- Supplied information:
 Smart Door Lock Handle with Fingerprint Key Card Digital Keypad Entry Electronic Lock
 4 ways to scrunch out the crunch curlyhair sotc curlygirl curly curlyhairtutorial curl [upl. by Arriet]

--

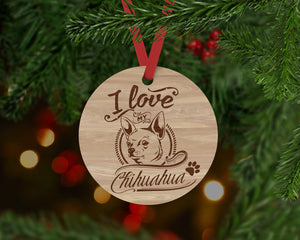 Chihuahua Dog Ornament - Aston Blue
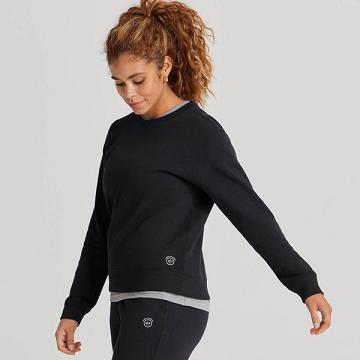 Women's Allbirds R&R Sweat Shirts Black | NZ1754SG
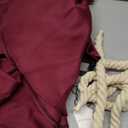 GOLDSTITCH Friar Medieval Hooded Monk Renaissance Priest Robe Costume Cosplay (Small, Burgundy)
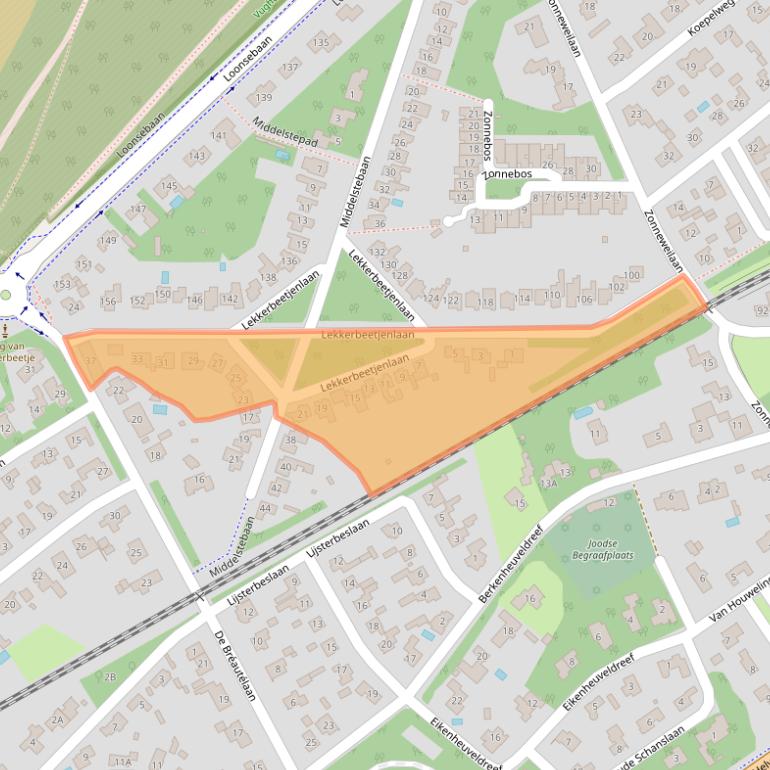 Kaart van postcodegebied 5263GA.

---

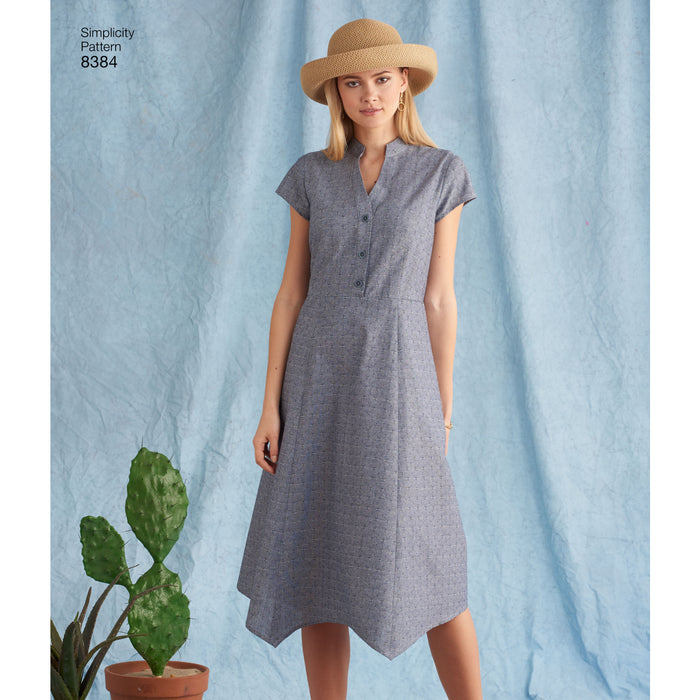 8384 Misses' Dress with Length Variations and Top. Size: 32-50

- Problem details:
Looking at the listing above, which lines run from the one containing "Women's Allbirds R&R" through the one containing "Kaart van postcodegebied 5263GA."? Print exactly those, ends included, pictures excluded.

- Response:
 Women's Allbirds R&R Sweat Shirts Black | NZ1754SG
 GOLDSTITCH Friar Medieval Hooded Monk Renaissance Priest Robe Costume Cosplay (Small, Burgundy)
 Kaart van postcodegebied 5263GA.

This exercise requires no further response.